Polish playwright Dorota Maslowska: interview

Time Out talks to playwright Dorota Maslowska and performer Andrea Riseborough about their plan to bring the East to the West

  • Polish playwright Dorota Maslowska: interview

    Polish road trip: Andrea Riseborough, Andrew Tiernan

  • Vast bureaucratic treaties between nations take a while to filter down and be felt at the level of personal and cultural experience. But the expansion of the EU in 2004 has altered much more than middle-class Londoners’ access to cheap and reliable labour. When people (and money) migrate, culture goes with them. It’s timely, then, to see the Soho Theatre programming work from both sides of the new paper curtain that divides the east of Europe from the west.

    Last week the Belarus Free Theatre was in residence with a Pinter double bill backed by PEN and Tom Stoppard (the pro-democratic group has been banned in its ex-Soviet homeland). Next up is Polish literary whizz-kid Dorota Maslowska, with ‘A Couple of Poor, Polish-Speaking Romanians’.

    Maslowska is a novelist by trade and (in her homeland) by reputation. She’s still in her mid-twenties, but she’s already won the NIKE award, the Polish equivalent of the Booker. Her first play is simultaneously a road trip, a drug trip, and a trip back into Poland’s freezing interior landscape: in it, a nouveau-riche TV actor and a single mother go on a crazy joy-ride because, says Maslowska, ‘they are bored out of their minds’. It’s easy to imagine the indie movie, complete with angel dust and sunsets. But in Maslowska’s script, what you increasingly come up against is the characters’ desperate emptiness. They get high, they hitchhike, they hijack, and they use drugs and cultural stereotypes to make new, instantly disposable identities for themselves. As Maslowska is keen to emphasise, ‘The main axis of this play is poverty being treated as something exotic, a costume that can be put on. The man, Parcha, thinks that, as an actor, he can put on the make-up of a poor man and experience life as he does. You think that you can put this costume on and off at will. But it might happen that you cannot take it off.’

    The intense insecurity and polarisation of wealth in Warsaw is a major inspiration for ‘A Couple of Poor, Polish-Speaking Romanians’. So much so that the young British actress Andrea Riseborough, who plays Parcha’s heavily pregnant sidekick Dzina, went and lived with Maslowska in Warsaw for a week to prepare the role.

    Riseborough and Maslowska apparently got on like a house on fire, partly because of their similar ages and partly because of their ‘many shared cultural references, such as movies like “Natural Born Killers” '. Warsaw, with ‘harsh poverty next door to Marks & Spencer’ was not quite the ‘pure’ ex-communist country where Riseborough half expected to ‘feel alien through the absence of any commercial stimulus, or recognisable cultural landscape’.
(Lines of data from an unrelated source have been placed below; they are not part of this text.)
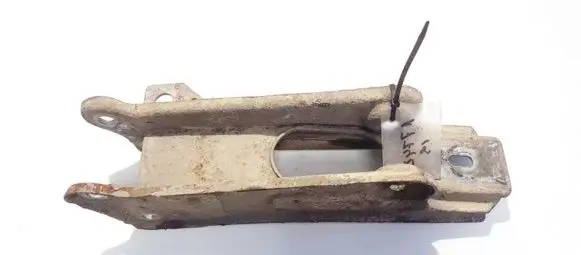 Citroen Xsara Bracket in trunk/boot 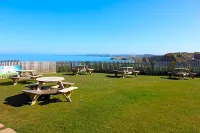 聖奧斯特爾啤酒廠西方豪華酒店 酒店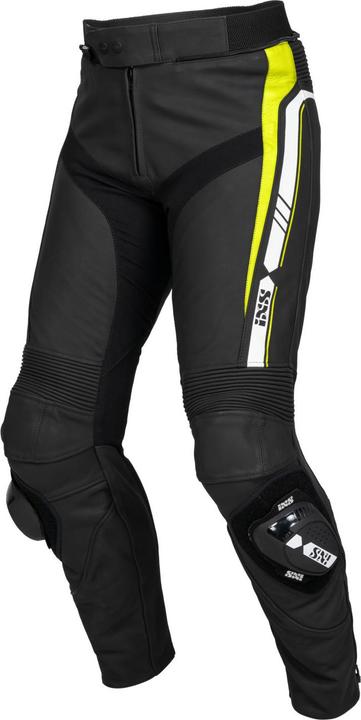 Actual product image iXS RS-700 (Men, 50)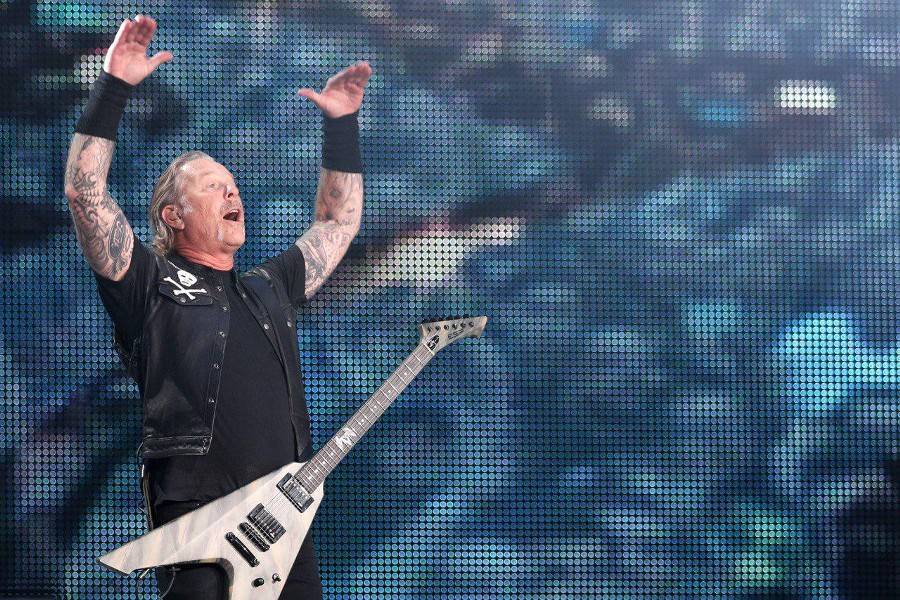 Эд Ширан - Москвич купил недействительный билет на Metallica за 7 тысяч рублей - m24.ru - Москва - Россия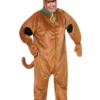 Rubies Costume Co. Inc Adult Plus Size Scooby Doo Costume
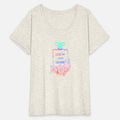 Leave Me Thefu Cologne No 5 Apparel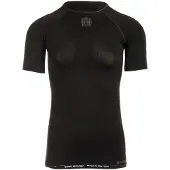 Bioracer Light Short Sleeve Base Layer Noir XL-2XL Homme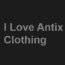 I Love Antix DE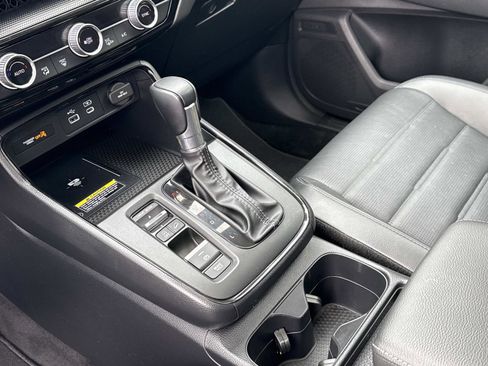 Certified 2024 Honda CR-V EX-L image 8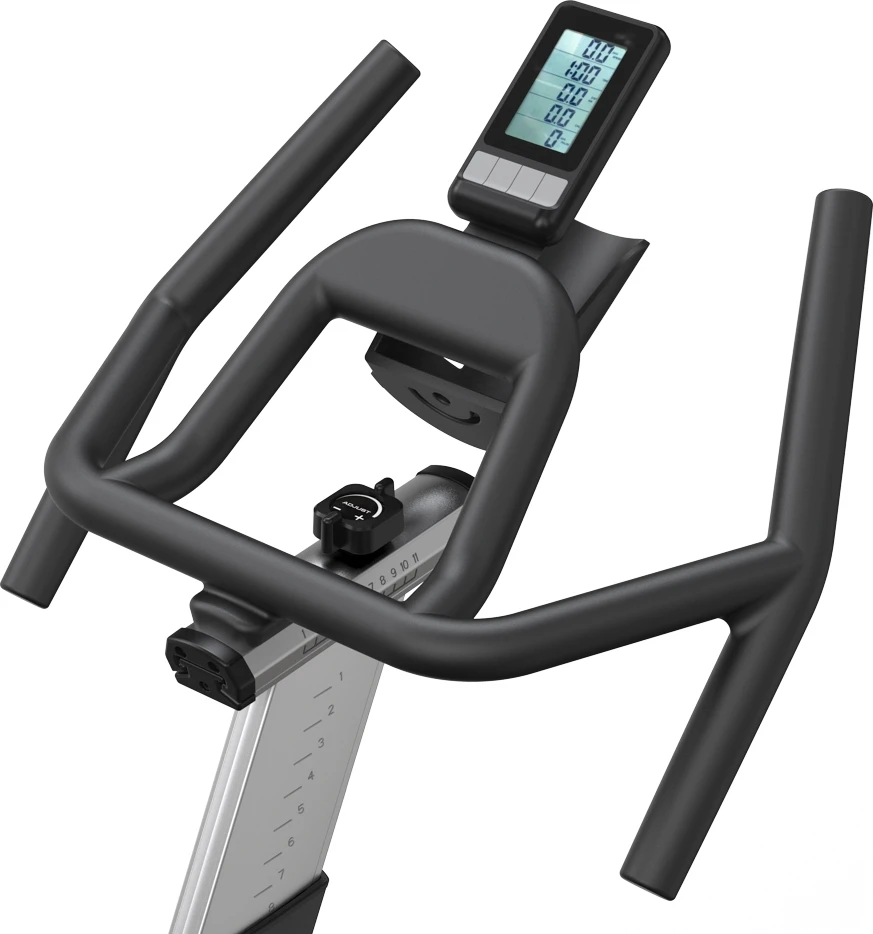 Dviratis treniruoklis inSPORTline ZenRoute 1000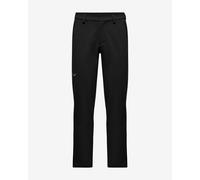 Salewa Puez Dolomia 2 Pant Men, Black, 2XL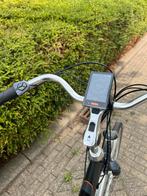 Elektrische fiets, Fietsen en Brommers, Elektrische fietsen, 51 tot 55 cm, Ophalen, Zo goed als nieuw, 50 km per accu of meer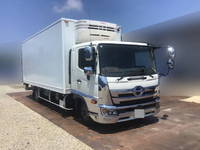 HINO Ranger Refrigerator & Freezer Truck 2KG-FD2ABG 2020 247,983km_3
    Riseborough reckons that, though Warsaw’s been ‘the stomping ground for so many atrocities, its relationship to the country is similar to the UK’s relationship to London’: country and city are different worlds. Maslowska, too, wishes to draw attention to the new stratum of ‘semi-satisfied middle-class citizens’ who don’t see the reality of poverty. The idea expressed in the title – that Dzina and Parcha are pretending to be Polish-speaking Romanians – is, she says, ‘A joke which isn’t really so funny at all. In Poland there are no Romanians, but there are the Roma minority. It’s a symbol for a certain sort of person, a gypsy standing on the street in a long skirt.’ In the Soho’s production, that Roma minority in Poland is translated into the eastern European minority in London: ‘We have cockney accents, but with Polish soul,’ explains Riseborough, ‘and as Romanians we do bad impersonations of Romanian accents.’
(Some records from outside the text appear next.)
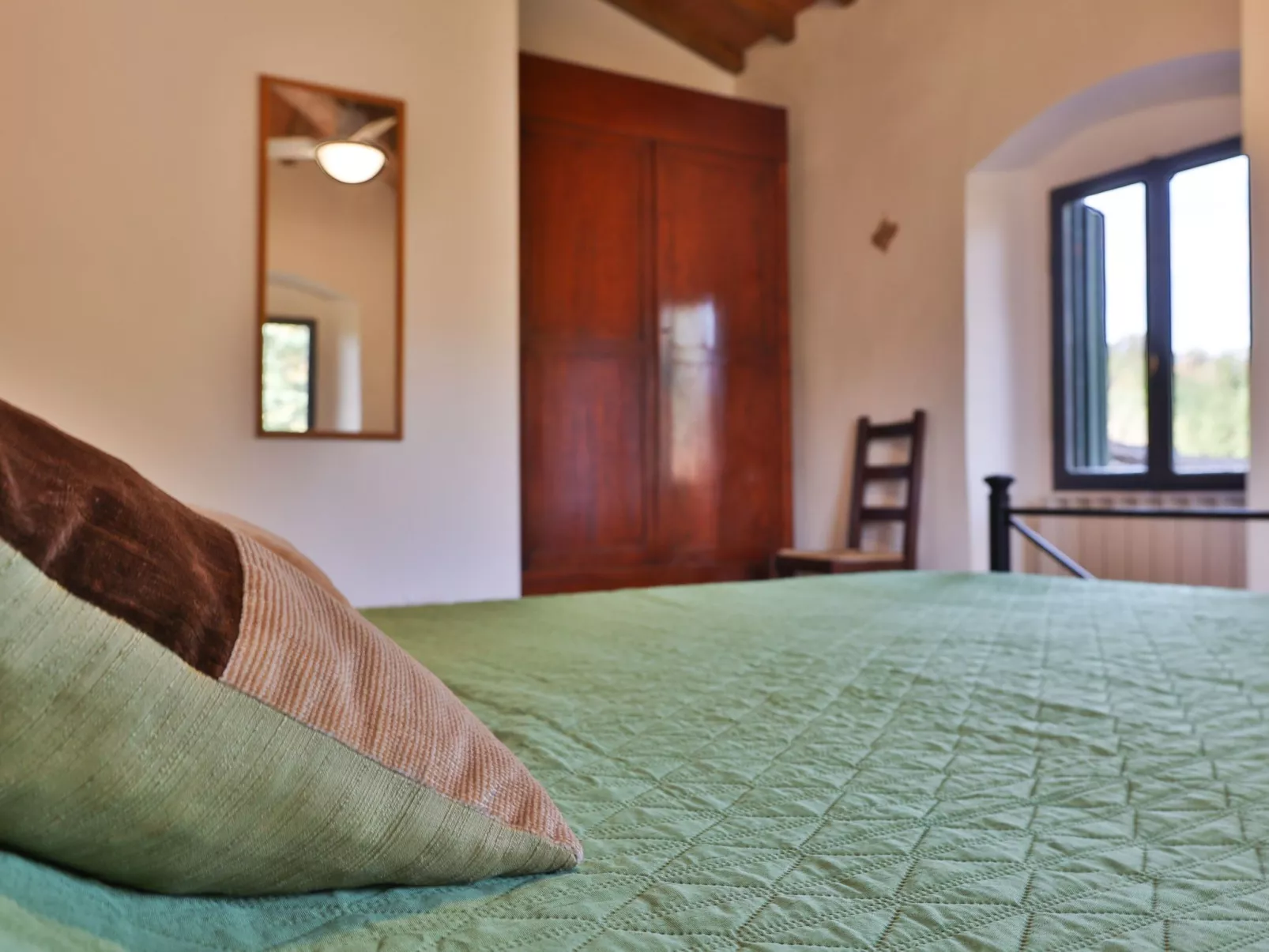 Große Wohnung mit 3 Schlafzimmern und 3 Bädern-Inside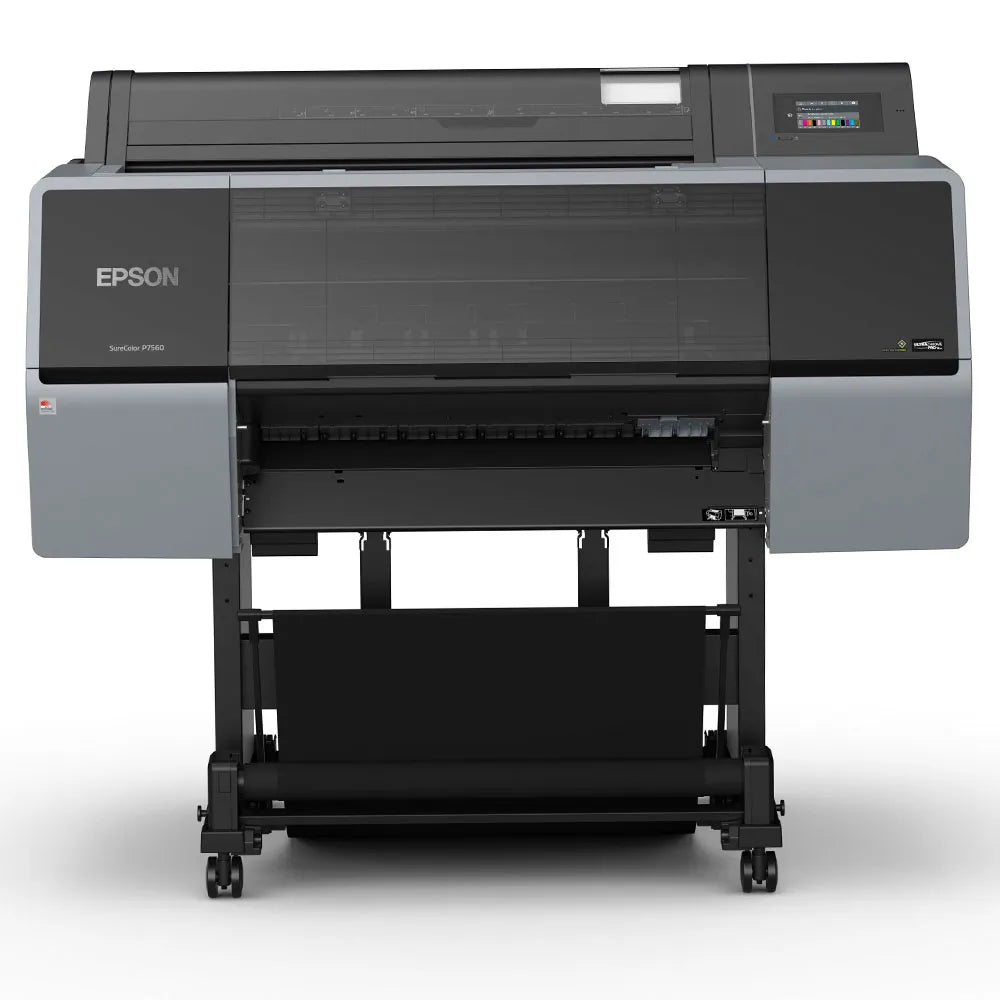 Epson SureColor P7560 24 Inch Colour Printer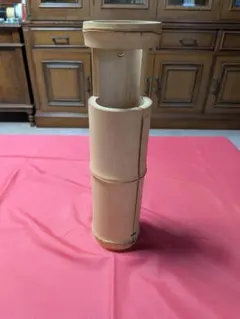 2026年最新】竹一重切花入の人気アイテム - メルカリ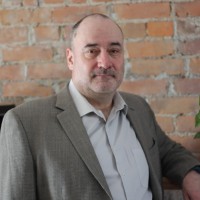 Jeffrey Simser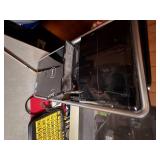 DESKTOP COMPUTER W/ PRINTER (COMPLETE)- OF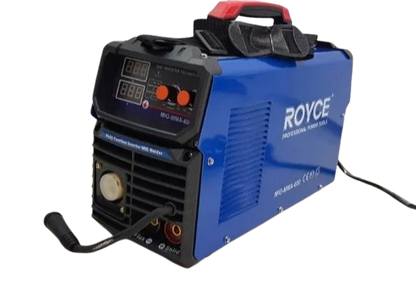 Royce aparat za varenje CO2 + Inverter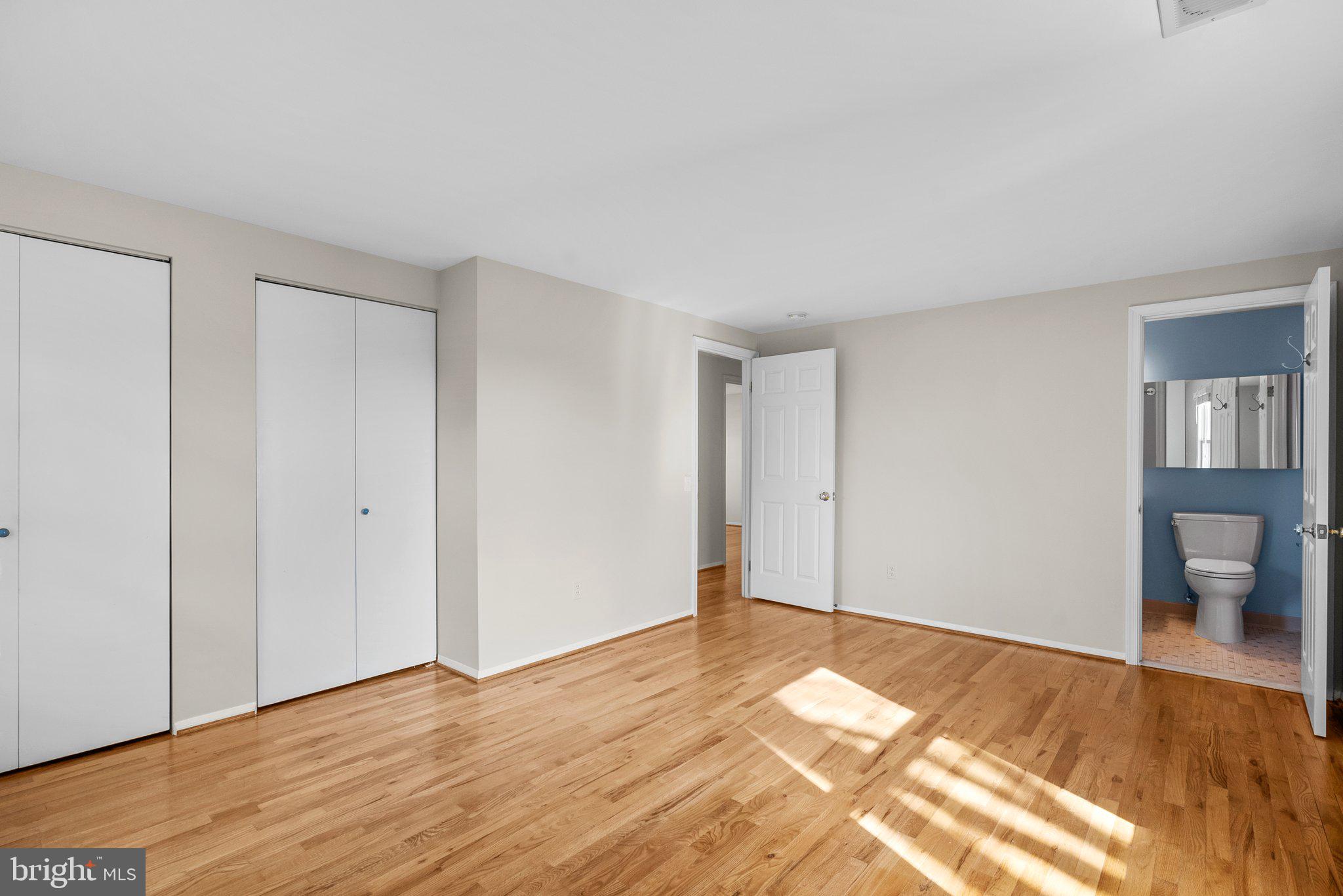 FOX HILLS OF POTOMAC - Residential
    Riseborough is an actress who can make herself, vocally and in other respects, unrecognisable from part to part. That quality makes her a promising casting for Maslowska’s mercurial play, which goes headlong into the characters as they lose the plot. It leaves plenty of gaps for a director to overcome. But the meat of it is in the voices, poses, fantasies and madly miscellaneous monologues. ‘The language is so satisfying: sensory; squidgy; meaty,’ says Riseborough, rolling the words round with evident relish. Hopefully, it will cross the barriers between Warsaw and London, (and from page to stage) as readily as the Polish Londoners whose presence surely inspired the Soho Theatre to seek out the play in the first place.

    A Couple of Poor, Polish-Speaking Romanians’ is playing at the Soho Theatre from Feb 28.